A couple months ago, I stumbled across an article on the Wall Street Journal called “The Biggest Ways People Waste Money.” I’m always interested in issues of frugality, so I read the piece with attention.
As is typical for these kinds of articles, the piece addressed the importance of plugging financial leaks from the small (daily coffees) to the large (mortgage payments). The author interviewed several financial experts to seek their advice, including someone named Robert Shiller, a Nobel Prize-winning economist and Yale University professor.
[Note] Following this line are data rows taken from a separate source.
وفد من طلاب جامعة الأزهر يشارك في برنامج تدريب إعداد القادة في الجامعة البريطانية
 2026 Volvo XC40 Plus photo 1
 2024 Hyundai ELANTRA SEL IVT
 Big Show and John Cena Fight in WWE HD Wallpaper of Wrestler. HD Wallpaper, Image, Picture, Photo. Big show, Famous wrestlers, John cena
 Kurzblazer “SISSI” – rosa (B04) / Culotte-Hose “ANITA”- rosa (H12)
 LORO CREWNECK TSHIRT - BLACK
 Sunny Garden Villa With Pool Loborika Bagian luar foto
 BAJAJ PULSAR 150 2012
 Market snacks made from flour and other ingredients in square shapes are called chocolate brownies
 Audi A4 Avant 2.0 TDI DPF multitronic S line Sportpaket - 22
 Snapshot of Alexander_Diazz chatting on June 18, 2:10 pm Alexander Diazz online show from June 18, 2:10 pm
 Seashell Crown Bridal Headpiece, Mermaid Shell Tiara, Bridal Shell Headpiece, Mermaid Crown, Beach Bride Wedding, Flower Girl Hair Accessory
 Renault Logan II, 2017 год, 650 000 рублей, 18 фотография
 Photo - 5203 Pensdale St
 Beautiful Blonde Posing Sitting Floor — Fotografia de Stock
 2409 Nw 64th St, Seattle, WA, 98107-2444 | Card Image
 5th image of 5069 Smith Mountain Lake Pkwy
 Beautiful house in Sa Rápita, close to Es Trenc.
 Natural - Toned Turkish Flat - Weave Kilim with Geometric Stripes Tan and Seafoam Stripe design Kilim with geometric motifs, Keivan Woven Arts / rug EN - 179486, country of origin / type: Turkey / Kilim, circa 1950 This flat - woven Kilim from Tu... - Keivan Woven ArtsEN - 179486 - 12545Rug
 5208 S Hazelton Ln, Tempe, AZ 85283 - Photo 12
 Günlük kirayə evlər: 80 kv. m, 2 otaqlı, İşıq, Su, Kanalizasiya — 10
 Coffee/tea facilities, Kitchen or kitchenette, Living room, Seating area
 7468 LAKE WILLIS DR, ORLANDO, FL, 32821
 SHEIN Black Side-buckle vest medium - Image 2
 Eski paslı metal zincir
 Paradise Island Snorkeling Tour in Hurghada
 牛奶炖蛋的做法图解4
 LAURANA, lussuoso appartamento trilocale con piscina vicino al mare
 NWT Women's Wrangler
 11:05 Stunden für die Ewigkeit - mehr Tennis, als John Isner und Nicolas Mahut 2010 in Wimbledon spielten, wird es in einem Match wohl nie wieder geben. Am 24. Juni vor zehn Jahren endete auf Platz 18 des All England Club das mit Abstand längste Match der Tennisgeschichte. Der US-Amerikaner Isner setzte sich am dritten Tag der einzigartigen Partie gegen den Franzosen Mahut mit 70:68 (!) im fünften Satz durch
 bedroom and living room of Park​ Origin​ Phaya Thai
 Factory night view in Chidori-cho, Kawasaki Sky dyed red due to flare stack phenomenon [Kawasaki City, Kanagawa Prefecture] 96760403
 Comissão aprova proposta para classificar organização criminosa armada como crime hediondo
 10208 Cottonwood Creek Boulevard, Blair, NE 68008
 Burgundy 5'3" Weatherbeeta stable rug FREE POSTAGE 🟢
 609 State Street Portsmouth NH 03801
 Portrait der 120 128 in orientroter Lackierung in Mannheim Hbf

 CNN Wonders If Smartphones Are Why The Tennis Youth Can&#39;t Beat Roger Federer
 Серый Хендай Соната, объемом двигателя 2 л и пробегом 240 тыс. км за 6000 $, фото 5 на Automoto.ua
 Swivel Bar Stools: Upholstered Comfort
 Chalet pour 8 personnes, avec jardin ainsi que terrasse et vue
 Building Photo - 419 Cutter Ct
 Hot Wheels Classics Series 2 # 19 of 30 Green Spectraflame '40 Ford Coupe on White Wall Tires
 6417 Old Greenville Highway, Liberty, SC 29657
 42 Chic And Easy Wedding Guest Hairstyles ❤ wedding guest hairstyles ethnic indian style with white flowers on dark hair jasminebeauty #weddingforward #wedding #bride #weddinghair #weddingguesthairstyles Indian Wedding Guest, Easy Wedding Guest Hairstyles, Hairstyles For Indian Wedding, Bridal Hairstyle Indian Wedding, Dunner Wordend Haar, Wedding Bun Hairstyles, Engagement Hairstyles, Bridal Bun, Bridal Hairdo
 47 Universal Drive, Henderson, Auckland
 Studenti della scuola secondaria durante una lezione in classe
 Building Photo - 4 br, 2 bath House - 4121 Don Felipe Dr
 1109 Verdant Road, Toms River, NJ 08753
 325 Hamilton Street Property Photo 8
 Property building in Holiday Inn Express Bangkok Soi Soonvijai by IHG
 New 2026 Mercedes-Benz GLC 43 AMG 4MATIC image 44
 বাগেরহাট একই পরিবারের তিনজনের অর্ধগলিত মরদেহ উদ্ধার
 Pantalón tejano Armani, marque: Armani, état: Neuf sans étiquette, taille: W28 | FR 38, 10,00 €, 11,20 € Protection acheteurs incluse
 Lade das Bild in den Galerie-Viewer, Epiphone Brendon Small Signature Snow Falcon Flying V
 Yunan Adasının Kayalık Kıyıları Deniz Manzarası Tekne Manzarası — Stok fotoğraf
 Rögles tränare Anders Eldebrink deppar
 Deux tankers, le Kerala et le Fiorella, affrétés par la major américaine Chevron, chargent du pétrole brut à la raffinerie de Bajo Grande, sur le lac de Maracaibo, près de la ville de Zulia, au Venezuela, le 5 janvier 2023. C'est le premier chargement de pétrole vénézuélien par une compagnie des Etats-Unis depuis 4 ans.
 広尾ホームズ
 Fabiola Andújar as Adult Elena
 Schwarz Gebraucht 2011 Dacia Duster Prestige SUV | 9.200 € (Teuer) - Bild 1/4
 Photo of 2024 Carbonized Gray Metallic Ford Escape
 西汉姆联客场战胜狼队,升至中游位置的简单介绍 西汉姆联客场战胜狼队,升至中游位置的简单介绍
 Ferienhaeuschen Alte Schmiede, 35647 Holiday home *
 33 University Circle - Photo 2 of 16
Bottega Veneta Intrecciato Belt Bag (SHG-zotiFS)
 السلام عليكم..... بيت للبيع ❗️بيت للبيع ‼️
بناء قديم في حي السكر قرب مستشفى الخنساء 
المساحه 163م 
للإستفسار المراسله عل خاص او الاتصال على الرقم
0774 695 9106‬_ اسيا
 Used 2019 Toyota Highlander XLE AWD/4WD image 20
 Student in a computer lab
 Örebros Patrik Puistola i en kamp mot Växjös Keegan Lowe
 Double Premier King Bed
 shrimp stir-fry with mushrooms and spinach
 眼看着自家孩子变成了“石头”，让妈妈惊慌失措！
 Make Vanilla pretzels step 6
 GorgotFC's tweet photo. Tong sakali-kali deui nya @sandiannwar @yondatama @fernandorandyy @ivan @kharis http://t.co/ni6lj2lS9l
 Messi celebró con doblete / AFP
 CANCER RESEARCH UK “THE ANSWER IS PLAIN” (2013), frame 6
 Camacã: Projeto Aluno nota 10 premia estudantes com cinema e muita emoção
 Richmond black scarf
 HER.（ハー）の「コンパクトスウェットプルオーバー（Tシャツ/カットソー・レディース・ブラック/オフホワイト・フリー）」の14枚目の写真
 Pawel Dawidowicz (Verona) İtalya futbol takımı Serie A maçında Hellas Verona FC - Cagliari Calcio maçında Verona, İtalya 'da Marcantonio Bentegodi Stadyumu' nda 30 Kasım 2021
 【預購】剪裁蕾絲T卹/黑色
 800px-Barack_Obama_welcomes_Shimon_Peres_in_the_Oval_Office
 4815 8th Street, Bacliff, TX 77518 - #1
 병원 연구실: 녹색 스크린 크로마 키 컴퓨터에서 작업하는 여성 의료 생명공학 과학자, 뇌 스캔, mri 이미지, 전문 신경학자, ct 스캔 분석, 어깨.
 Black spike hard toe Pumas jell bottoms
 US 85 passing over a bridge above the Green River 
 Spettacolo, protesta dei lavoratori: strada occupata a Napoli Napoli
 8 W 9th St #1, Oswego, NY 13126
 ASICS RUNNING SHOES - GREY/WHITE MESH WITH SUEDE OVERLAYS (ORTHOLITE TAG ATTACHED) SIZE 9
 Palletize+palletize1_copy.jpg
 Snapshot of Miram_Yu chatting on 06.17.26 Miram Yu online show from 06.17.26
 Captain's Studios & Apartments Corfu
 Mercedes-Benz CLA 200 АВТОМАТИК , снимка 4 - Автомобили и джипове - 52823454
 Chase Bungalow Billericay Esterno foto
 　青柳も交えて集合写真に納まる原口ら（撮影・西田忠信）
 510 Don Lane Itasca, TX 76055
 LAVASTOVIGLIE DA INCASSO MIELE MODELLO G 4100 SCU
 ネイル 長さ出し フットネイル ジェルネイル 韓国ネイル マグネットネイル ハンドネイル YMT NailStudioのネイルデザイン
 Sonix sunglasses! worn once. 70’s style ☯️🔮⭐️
It was Dr. Shiller’s advice that caught my eye. Here’s what this expert had to say: “Big houses are a waste. People are still in a mode of thinking about houses that is kind of 19th century. As we modernize, we don’t need all this space. For example, we don’t need elaborate kitchens, because we have all kinds of delivery services for food. And maybe you don’t need a workshop in your basement, either. You used to have a filing cabinet for your tax information, but now it’s all electronic, so you don’t need that, either. And bookshelves, for people who read a lot. We have electronic books now, so we don’t need bookshelves anymore.”
Is this Nobel Prize-winning economist implying a kitchen, a workshop, a filing cabinet, and bookshelves are economically wasteful? On what planet? If he’s addressing the extravagance of McMansions, I might get his point. But he didn’t say that.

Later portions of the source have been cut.